Special Counsel Robert Mueller has collected at least three million pages of material from the email and social media accounts of accused Russian trolls, including random spam and “nude selfies.”
This is according to a new filing by Washington, D.C., lawyer Eric Dubelier, who’s representing one of the defendants in Mueller’s case against the Internet Research Agency, the St. Petersburg troll farm that used fake accounts to sow discord and boost Donald Trump in the 2016 election.
Mueller's team has given Dubelier nearly 4 million pages of pre-trial discovery, but designated 3.2 million of those pages as too sensitive for the lawyer to share with his own client in Russia, despite the fact that the documents are unclassified and came largely from the trolls’ own accounts at services like Gmail and Yahoo.
In rifling through the files, though, Dubelier found lots of seemingly innocuous content like spam, personal messages having nothing to do with election interference, and “personal naked selfie photographs.”
In a recent motion Dubelier asked the court to lift a protective order that bans him from sending the discovery on to Russia. In a Thursday filing he opposed Mueller’s move to provide classified information to the judge supposedly justifying the restrictions.

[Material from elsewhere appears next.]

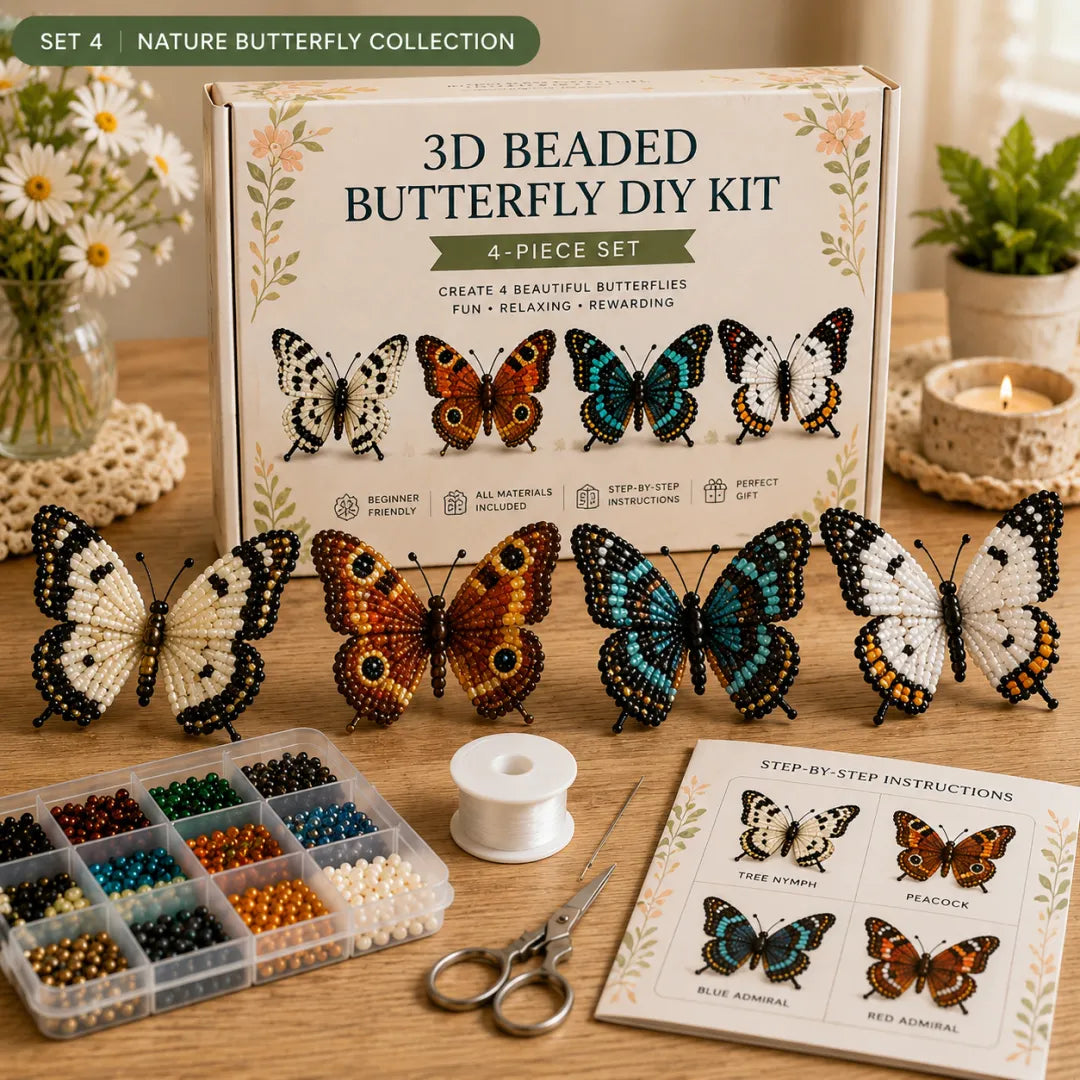 3D Beaded Butterfly DIY Kit - Colorful Handmade Animal Craft Set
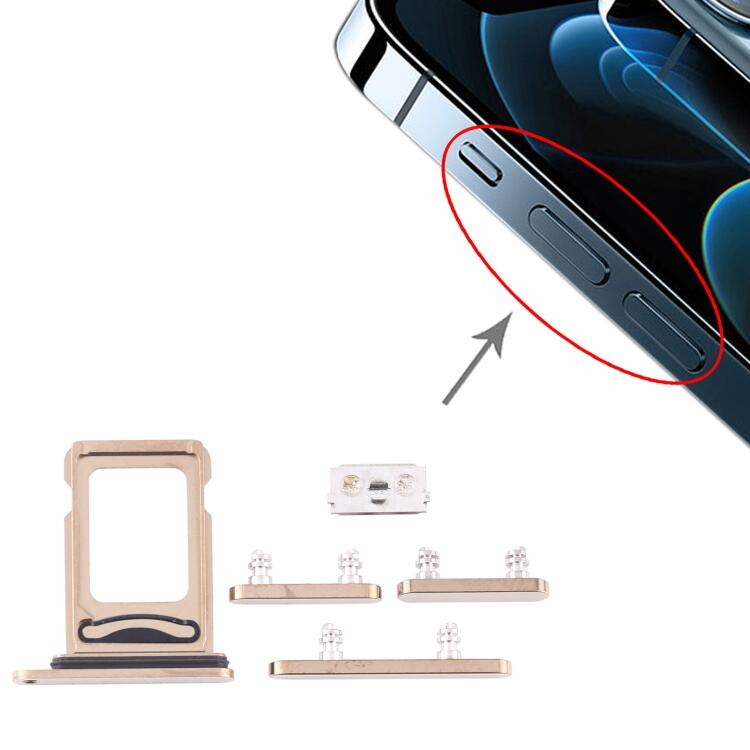Original iPhone 12 Pro Simkortshållare (Dual) + Sidoknappar - Guld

Mueller’s position in part is that a review of the emails would reveal U.S. surveillance capabilities, a contention Dubelier mocked in his motion, which calls the indictment a “first-of-its-kind, make-believe case.”
“Could the manner in which he [Mueller] collected a nude selfie really threaten the national security of the United States?” wrote Dubelier, a partner at Reed Smith.
Dubelier represents the company charged with financing the troll factory, Concord Management and Consulting, a Russian firm run by Yevgeny Prigozhin, a close Kremlin ally known as “Putin’s Chef.”
Concord is so far the only defendant to put in an appearance in the case, and, judging from court filings, Mueller finds that suspicious. Mueller has accused Prigozhin of using his company as a “stalking horse” to obtain the government’s evidence without leaving the safety of Russia.
Prigozhin is also charged individually, but he can’t mount a defense or obtain pre-trial discovery without showing up in Washington, which thus far he’s declined to do. His company, though, can defend itself from afar without anyone risking prison, because it’s a corporation and not a person.
Dubelier’s first move after taking the case was to demand the identities of Mueller’s informants, details of any electronic surveillance in the case, and a list of “each and every instance” since 1945 in which the U.S. “engaged in operations to interfere with elections and political processes in any foreign country.”
In all, Mueller has between 1.5 and 2 terabytes of data about the Russian troll farm gathered from several hundred sources.
“The government recognizes that these documents are not classified,” one of Mueller’s prosecutors, L. Rush Atkinson, wrote last June. “Nevertheless, as the Court noted, they do concern highly sensitive matters, including ongoing investigations.”